• WHAT THIS TASK INVOLVES:
Once the line holding "Creatieve Handgemaakte Keramische" is found in the entries below, transcribe exactly every line up to and including the one holding "thumbnail image 2", but leave out the pictures.

• SUPPLIED DATA:
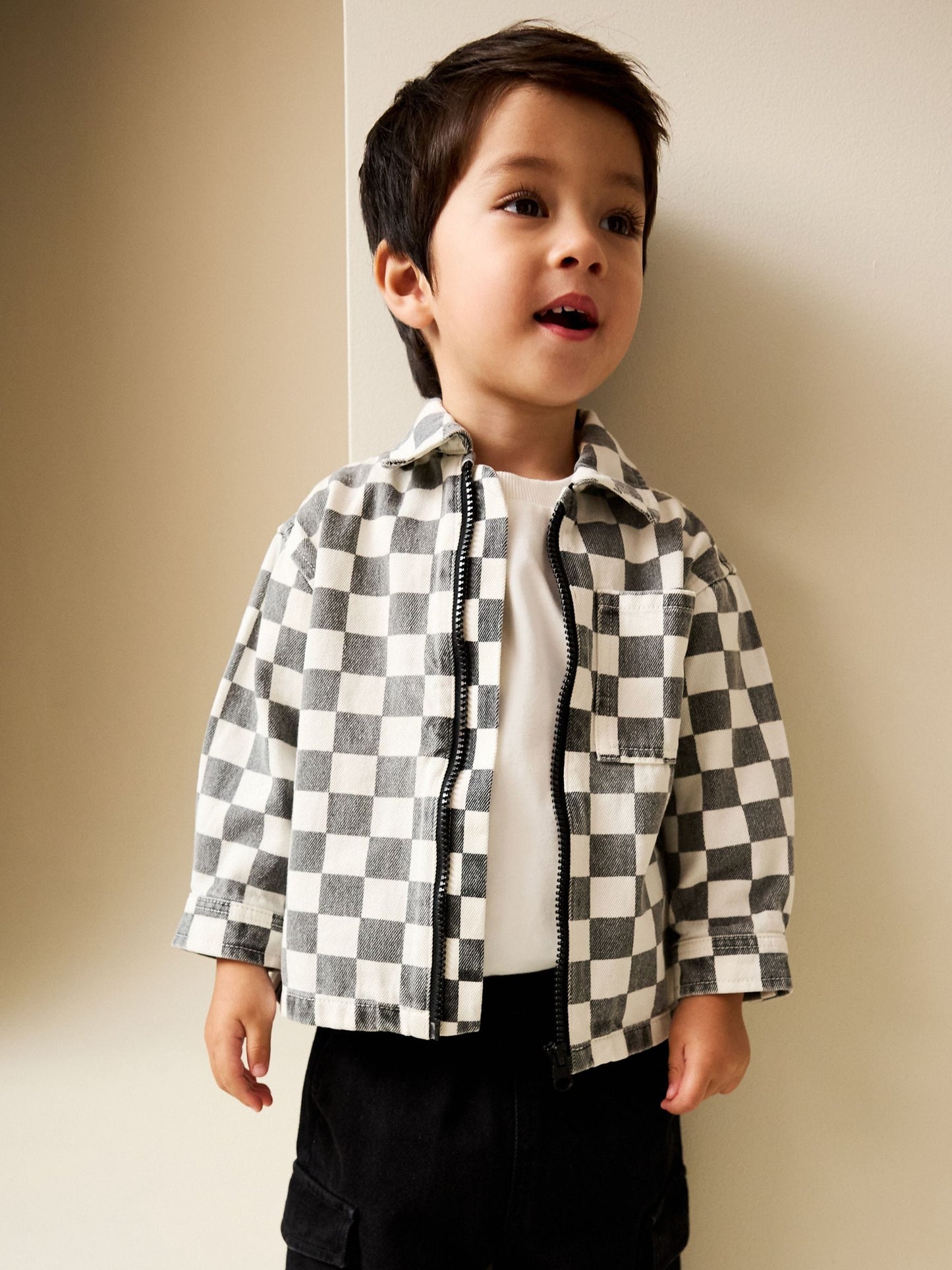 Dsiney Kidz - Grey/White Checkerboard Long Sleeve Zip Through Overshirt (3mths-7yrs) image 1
--
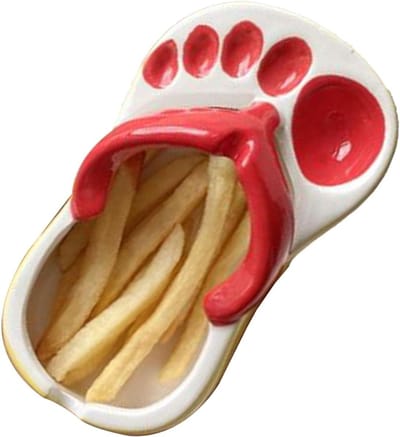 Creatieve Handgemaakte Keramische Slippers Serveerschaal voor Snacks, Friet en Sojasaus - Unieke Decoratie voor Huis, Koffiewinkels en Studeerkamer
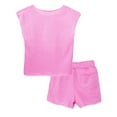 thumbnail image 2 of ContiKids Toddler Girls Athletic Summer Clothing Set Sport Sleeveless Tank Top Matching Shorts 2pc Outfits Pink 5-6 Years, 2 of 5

• TASK RESPONSE:
 Creatieve Handgemaakte Keramische Slippers Serveerschaal voor Snacks, Friet en Sojasaus - Unieke Decoratie voor Huis, Koffiewinkels en Studeerkamer
 thumbnail image 2 of ContiKids Toddler Girls Athletic Summer Clothing Set Sport Sleeveless Tank Top Matching Shorts 2pc Outfits Pink 5-6 Years, 2 of 5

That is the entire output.